Pearl Miki: Jewel of Shima City

Pearl Miki: Jewel of Shima City

After the fifth visit or so to the same city for sightseeing, you may start to think that you have seen enough, but Mie Prefecture is the kind of place that will never allow you to go home empty handed.
One gem after another is unearthed, but it is just the start of your journey to an endless treasure trove of surprises. Today, let’s uncover a hidden jewel from Shima City - Pearl Miki.

Written by Cheeserland(

Arriving at a humble little hut tucked away beside Ago Bay, I was greeted by two ladies with big smiles.

If you need some context as to why the pearl culturing business is such a big thing in this region, know that the world’s first cultured pearl was successfully created in Ise-Shima area by the legendary Kokichi Mikimoto—yes, as you may have guessed from his family name—the founder of world-famous jewelry brand, Mikimoto.
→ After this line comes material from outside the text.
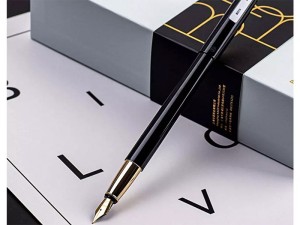 روان‌نویس شیائومی Kaco Brio Fountain Pen K1038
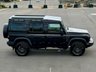 USED 2023 73 INEOS GRENADIER 3.0D Station Wagon Auto 4WD Euro 6 (s/s) 6dr (5Seat) PRIVACY+REVERSE CAM+CAR PLAY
Mikimoto Pearl Island is located at Toba, a nearby city, where you can learn all about the stellar history of pearl cultivation in Mie Prefecture. (It’s also worth noting that although the names are similar, Pearl Miki is unaffiliated with Mikimoto.)

Well, I will spare you all the technical details today about operating on a pearl oyster, but if you are keen to learn, there are illustrations and real-life samples in the workshop for you to take a look at, and the staff are more than happy to answer any questions you may have.

Toshiko-san, wearing a lovely sun bonnet, led us to the back of the facility, which revealed a stunning view of crystal clear waters, little fishing boats, a floating stage with lots of extended rafts stretching out into the sea. The pearl oysters apparently live right beneath.

Pulling up a basket full of pearl oysters, Toshiko-san asked me to pick one, and taught me how to open it with a flat knife.

Delighted, I instantly spotted a gleaming bead in the shells, rather decent in diameter for such a modestly sized shellfish.

“You are lucky, that’s quite a beautiful pearl you found,” said Toshiko-san. Apparently a pearl of that size has to be of at least two years of age. She then proceeded to cut off the edible part of the oyster—the adductor muscle, and chopped the rest of the flesh into a pulp and handed it over to me.

I promptly savored the small pieces of marine goodness seasoned perfectly by the sea water with silent gratitude and fed the rest to the fish under the oyster rafts.

I was told by Yamaoka-san, the owner of Pearl Miki, that the leftover flesh is sent away to be made into sustainable pearl compost, and the shells are often up-cycled into accessories. “Nothing goes to waste here,” Yamaoka-san said, smiling, proudly showing us the SDGs partnership certificate issued by Shima City, hanging on the wall.

Since we had some time to spare, I was brought into a small old working space at the back. When asked about the history of Pearl Miki, Yamaoka-san explained that it was founded by her father almost a century ago. She went rummaging a little and placed a few wooden frames on the table. Laid out in front of us were old photographs of Pearl Miki during her father’s generation.

Back to the workshop, and it’s time to make my pearl accessory! I picked a golden chain that had a pretty shell pendant on it. Yamaoka-san then drilled a hole in my pearl, I applied some glue on the pendant and attached the pearl to it, and it was done.

I thanked the two ladies, paid 1,700 yen for the pearl-extracting experience and another 1,500 yen for my choice of necklace and pendant. I was surprised at how affordable the whole affair was, given how much time Yamaoka-san and Toshiko-san spent with us—patiently and passionately explaining everything about these precious jewels.

We bid goodbye after a few long bows and profuse “arigatos.” I held on to the shiny, well-polished pearl I had just harvested, which is now an exquisite accessory around my neck, savoring the labor and history of it all and I thought to myself: these stories must live on.
And as a story teller, that’s what I can do for Japan—and people like Yamaoka-san and Toshiko-san.